The trumpet snarked a long yowl across the snow-covered valley; she heard horses shifting behind her, units forming up, men calling orders, and Robert Anselm jerked a thumb, pointing ahead.

“They’re stopping. Sending a herald.”

Break and run? No: they’ve got the woods covered behind us. Straight on through? It’s the only way. But Florian!

Paralysed, she watched a herald ride forward from among the German troops. There was not enough wind in this rose-mist, frozen morning to stir the drooping wet banners. She recognised the man’s face vaguely –
wasn’t he at Frederick’s court, outside Neuss?
– but not the Visigoth
qa’id
officer riding with him.

“Give up the woman,” the herald demanded, without preamble.

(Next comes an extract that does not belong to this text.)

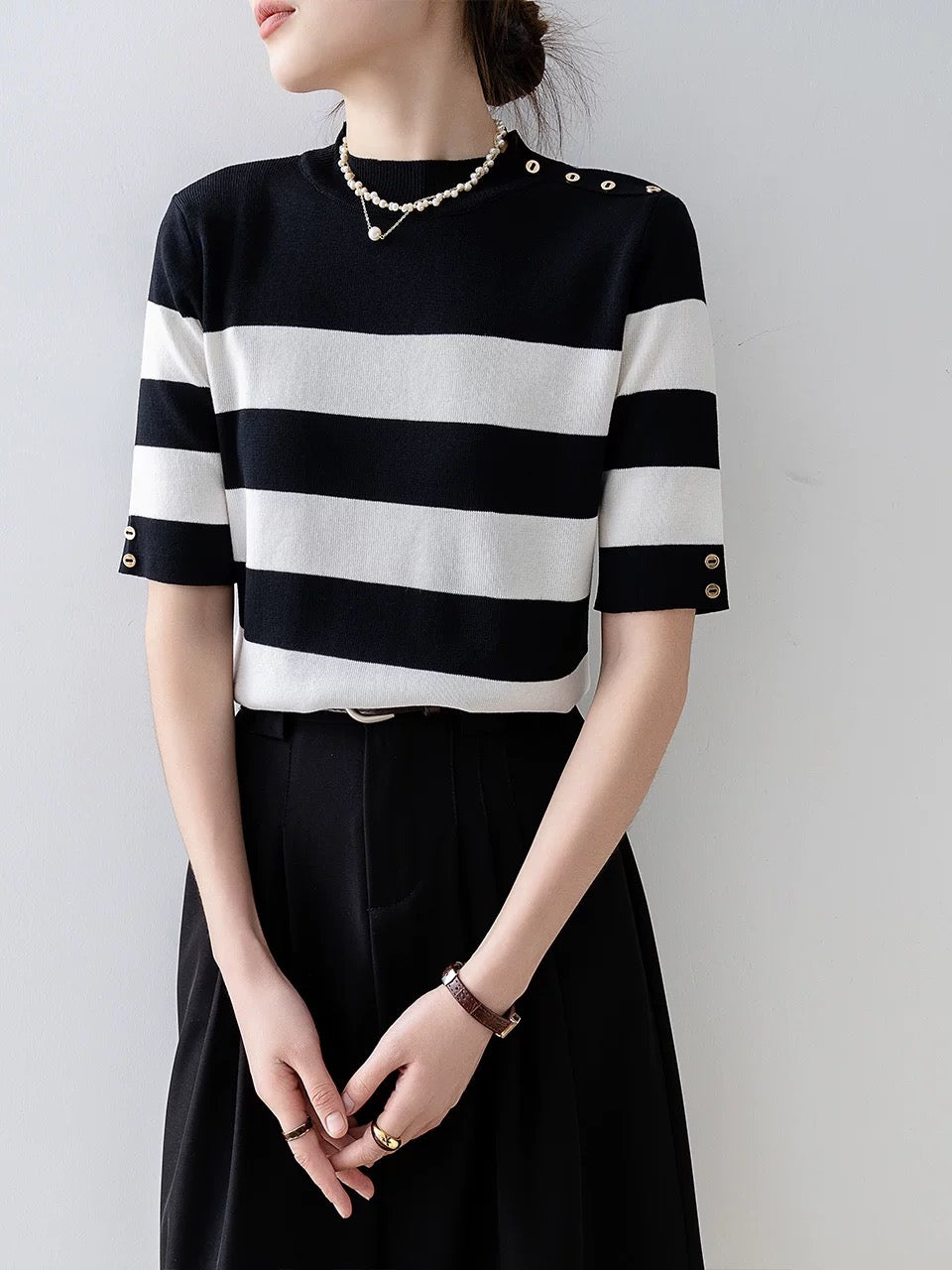 2025 Summer Women's New Half Sleeve Knitted Sweater Black and White Striped Round Neck T-shirt Bottoming Shirt Top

“Which woman would that be?” Ash spoke without taking her eye off the other troops. Between a thousand and fifteen hundred men. Cavalry: European riders in heavy plate, and Visigoth cataphracts in overlapping scale-armour. The Visigoths, at least, had the look of veterans. She saw the eagles.

Those are men from the new legions, III Caralis and I Carthago, Gelimer’s legions-as-were.

With them, a black mass of serf-troops, and a solid block of German men-at-arms; not much in the way of archers—

“The woman calling herself Duchess of Burgundy,” the herald called, voice shrill. “Whom my master Frederick, Emperor of the Romans, Lord of the Germanies, will now take into his custody.”

“He
what?
” Ash yelped. “Who the fuck does he think he is!”

Exasperation and fear made her speak, but the Visigoth officer looked at her sharply. The
qa’id
brought his bay mare around with a shift of his weight. “He is
my
master Frederick – who was loyal vassal to King-Caliph Gelimer, late of glorious name; and who now takes upon himself the caliphate of the empire of the Visigoths.”